Waiting For Answers As A Mother

Hi.

 

I didn’t know how heavy waiting could feel until I became a mother waiting for answers.

Waiting in hospital corridors.

Waiting for calls that don’t come.

Waiting for someone to finally look at your child and say, we see it too.

Arthur’s health has been a season of ups and downs — in and out of appointments, in and out of hospital rooms, carrying hope one day and fear the next. Some days we walk in believing this will be the visit that brings clarity. Other days we walk out with more questions than we brought in.

There is a particular kind of exhaustion that comes from being unheard.

Not loud exhaustion — not the kind you sleep off — but the quiet kind that settles in your bones and stays there.

For a long time, I felt like I was standing on the edge of something, shouting into the dark:

Something isn’t right.

And hearing only echoes in return.

When it’s your child, it’s different.

You don’t get to put the fear down.

You don’t get to step away from the worry.

You carry it into bedtime stories and morning routines and school runs and the middle of the night when your mind won’t rest.
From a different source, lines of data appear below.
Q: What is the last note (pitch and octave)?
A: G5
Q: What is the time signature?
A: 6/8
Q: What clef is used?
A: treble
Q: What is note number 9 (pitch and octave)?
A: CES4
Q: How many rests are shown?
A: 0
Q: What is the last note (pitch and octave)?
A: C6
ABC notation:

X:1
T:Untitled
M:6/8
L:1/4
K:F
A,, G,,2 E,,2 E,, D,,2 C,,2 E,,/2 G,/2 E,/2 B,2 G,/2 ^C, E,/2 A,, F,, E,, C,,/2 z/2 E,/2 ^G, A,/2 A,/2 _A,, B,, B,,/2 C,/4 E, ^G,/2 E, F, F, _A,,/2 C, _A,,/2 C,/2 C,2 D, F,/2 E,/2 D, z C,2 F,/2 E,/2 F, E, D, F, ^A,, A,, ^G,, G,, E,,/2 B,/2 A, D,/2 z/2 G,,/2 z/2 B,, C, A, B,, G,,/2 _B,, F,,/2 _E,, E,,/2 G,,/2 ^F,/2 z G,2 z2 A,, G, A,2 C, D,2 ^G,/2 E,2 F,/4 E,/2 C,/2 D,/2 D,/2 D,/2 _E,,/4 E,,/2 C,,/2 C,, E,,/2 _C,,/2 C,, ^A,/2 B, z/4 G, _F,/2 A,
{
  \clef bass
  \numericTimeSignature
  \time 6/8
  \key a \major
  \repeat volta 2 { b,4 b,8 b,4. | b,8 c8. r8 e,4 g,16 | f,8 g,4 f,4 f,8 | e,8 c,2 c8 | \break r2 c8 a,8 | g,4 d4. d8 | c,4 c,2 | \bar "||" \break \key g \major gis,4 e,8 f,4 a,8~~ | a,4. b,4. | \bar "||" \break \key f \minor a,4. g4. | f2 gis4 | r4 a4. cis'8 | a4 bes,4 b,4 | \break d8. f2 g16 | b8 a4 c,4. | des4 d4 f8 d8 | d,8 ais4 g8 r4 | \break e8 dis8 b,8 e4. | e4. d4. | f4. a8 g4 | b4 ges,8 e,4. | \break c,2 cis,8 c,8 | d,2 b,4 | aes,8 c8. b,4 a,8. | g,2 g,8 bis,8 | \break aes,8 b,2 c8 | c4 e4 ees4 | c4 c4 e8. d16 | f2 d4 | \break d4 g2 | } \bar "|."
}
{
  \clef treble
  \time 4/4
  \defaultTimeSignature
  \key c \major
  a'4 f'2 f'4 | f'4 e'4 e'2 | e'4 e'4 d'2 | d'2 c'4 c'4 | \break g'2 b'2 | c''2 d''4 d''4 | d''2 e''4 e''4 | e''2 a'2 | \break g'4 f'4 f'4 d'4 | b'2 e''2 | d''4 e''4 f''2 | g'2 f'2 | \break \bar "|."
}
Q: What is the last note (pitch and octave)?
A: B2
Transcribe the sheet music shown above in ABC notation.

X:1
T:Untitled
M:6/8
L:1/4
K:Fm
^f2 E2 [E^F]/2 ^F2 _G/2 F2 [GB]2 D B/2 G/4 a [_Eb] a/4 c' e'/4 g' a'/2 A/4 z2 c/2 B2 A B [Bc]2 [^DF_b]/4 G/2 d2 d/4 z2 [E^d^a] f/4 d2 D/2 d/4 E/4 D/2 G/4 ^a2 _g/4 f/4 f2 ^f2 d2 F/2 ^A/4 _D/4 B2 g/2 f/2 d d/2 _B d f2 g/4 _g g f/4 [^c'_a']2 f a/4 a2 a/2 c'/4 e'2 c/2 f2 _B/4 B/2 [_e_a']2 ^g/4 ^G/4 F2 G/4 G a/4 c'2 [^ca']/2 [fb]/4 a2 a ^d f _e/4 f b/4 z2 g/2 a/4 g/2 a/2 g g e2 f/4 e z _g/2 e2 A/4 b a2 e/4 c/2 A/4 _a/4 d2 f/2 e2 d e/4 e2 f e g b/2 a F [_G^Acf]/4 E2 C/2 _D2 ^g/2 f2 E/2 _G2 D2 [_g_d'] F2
And then — slowly — something shifted.

Not suddenly.

Not dramatically.

But enough to feel.

Doctors began to listen differently.

Questions were asked that hadn’t been asked before.

Tests were mentioned instead of brushed aside.

Plans started to sound like plans instead of pauses.

For the first time in a long while, I felt something that surprised me:

relief.

Not because we had answers — we still don’t.

But because someone finally believed us.

Because being taken seriously feels like being held.

I don’t know what comes next.

I don’t know what the results will say or what paths we’ll be sent down.

I only know that living in the unknown changes you.

It teaches you to celebrate the smallest signs of progress.

It teaches you patience you never asked for.

It teaches you how to love fiercely while standing on shaky ground.

Some days I feel strong.

Some days I feel like I’m holding my breath through every appointment, every conversation, every wait.

And then I look at him — at the way he smiles without knowing the weight we carry for him — and I remind myself why I keep showing up, even when it feels like too much.

Because this is what motherhood looks like when love meets fear.

This is what strength looks like when hope feels fragile.

This is what it means to keep going when you don’t have answers yet — but you have faith in your own voice.

We’re still waiting.

But now, at least, we’re being heard.